Written by: Emma Lunn
Martin Lewis says not including scams in the Online Harms Bill is ‘laughable’ and ‘embarrassing’ as vulnerable people are easy prey for scammers.

As well as founding, Lewis is founder and chair of the Money and Mental Health Policy Institute.

The institute says the government is making a mistake by not including scam protection in its forthcoming Online Harms Bill.

Lewis says the government should give its new online watchdog the powers to prevent firms enabling this type of criminal activity.

New research by the Money and Mental Health Policy Institute shows that a lack of consumer protections against online scams has left vulnerable people as ‘easy prey’ for fraudsters.

In particular, it shows that more than 4.5m people with mental health problems have been victims of online scams, which often cause crippling financial harm and distress.

The pandemic has made this risk more acute — with nearly 2 million UK adults falling victim to online scams in the six months after lockdown began.

The new Money and Mental Health research shows that experiencing common symptoms of mental health problems — such as impaired decision-making and reduced concentration — can make it much harder for people to identify and avoid online scams.

As a result, people with mental health problems are significantly more likely to have lost money or personal data to online scammers compared to the rest of the population.

Money and Mental Health’s research warns that while the risks posed by online scammers is growing, consumer protections in the UK have failed to keep up as there is currently no regulator charged with cracking down on online scams.

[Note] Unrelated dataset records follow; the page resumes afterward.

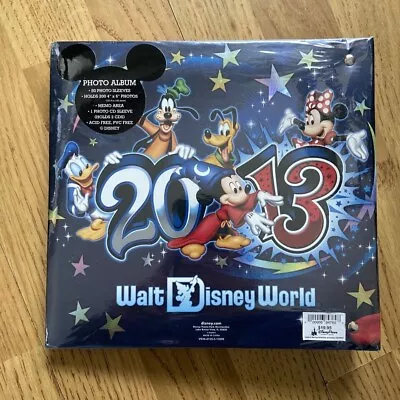 Walt Disney World Photo Album Book For 2013 (Believe In Magic) New And Sealed • $20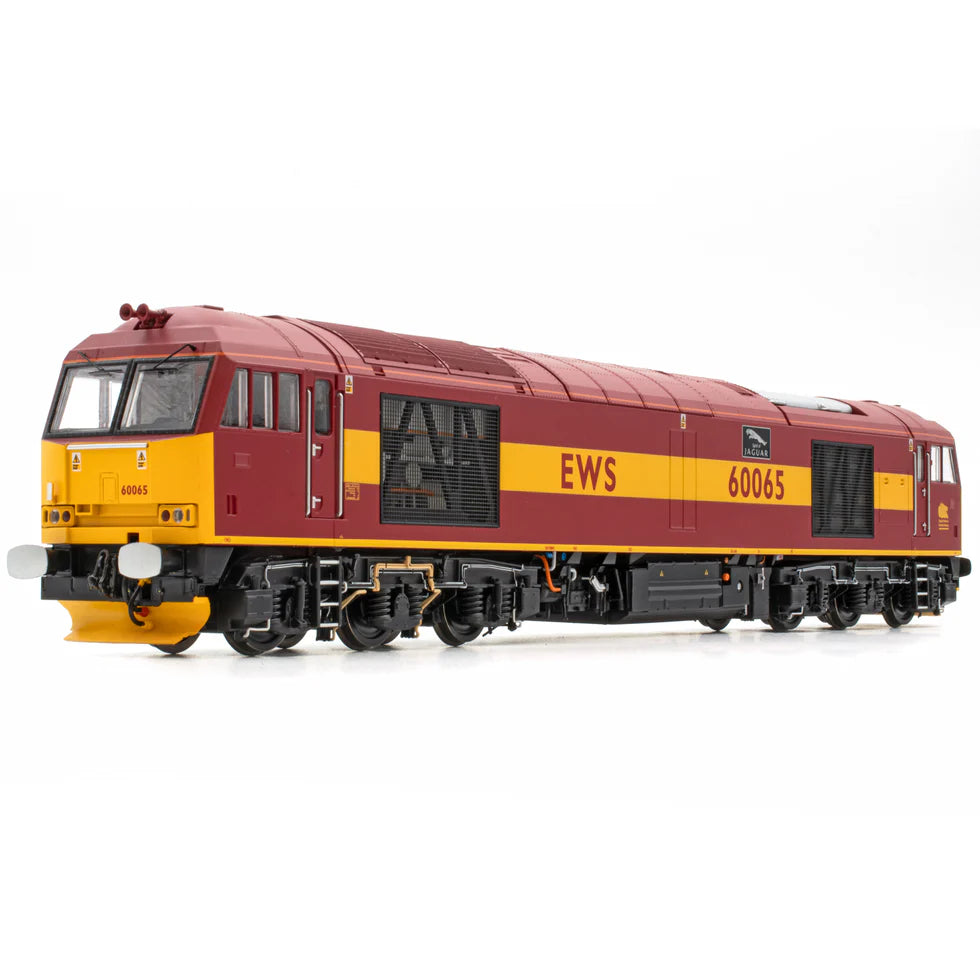 Accurascale ACC2887 class 60 diesel locomotive EWS red DCC ready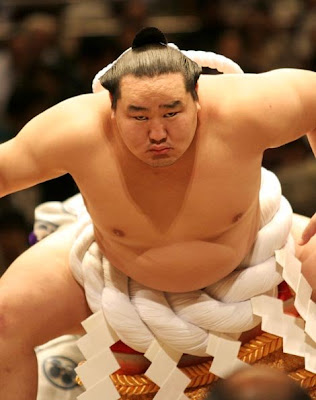 Sumo Asashoryu Dagvadorj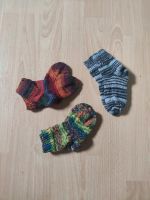 Kindersocken selbstgestrickt Größe 22-24 Baden-Württemberg - Tuttlingen Vorschau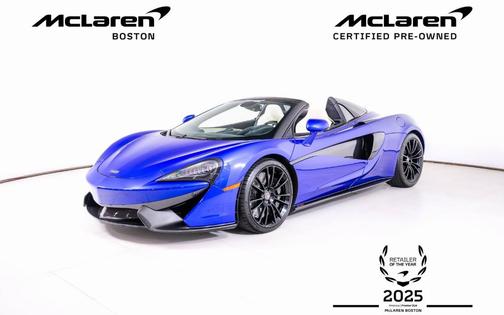 2018 McLaren 570S Spider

The charity is urging the government to remedy this issue in its forthcoming Online Harms Bill (expected next year).

In particular, it is calling on government to include scams in the Bill and to give the new online harms regulator the powers to clamp down on online scammers — for example, by forcing online platforms such as Facebook, Google and Twitter to take greater action to prevent them appearing on their sites.

Martin Lewis, founder and chair of the Money and Mental Health Policy Institute, said: “The UK already faced an epidemic of scams, but now lockdown has accelerated it, especially online. These vicious criminals are exploiting the fact that more people are stuck at home, spending more time online, and potentially struggling with their mental health — all of which increase the risk of falling victim to these schemes.

“To add insult to injury, the fraudsters are getting away with it. I’ve been campaigning against online scams for three years, but UK consumer protections remain hopelessly inadequate — leaving vulnerable people as easy prey for online criminals, and causing trauma and crippling money problems in the middle of this global crisis.

“Now we are to have an Online Harms bill and watchdog, and it would of course be unthinkable if they didn’t include scams. Yet perversely, laughably, embarrassingly that seems to be exactly what the government is planning. We need MPs to take up a clarion call to ‘Add Scams to The Bill’ to ensure the new regulator has the power to tackle it.

“Failing to act now will leave vulnerable people defenceless at the hands of scammers, who everyday are coming up with more sophisticated ways to con people out of money and data.”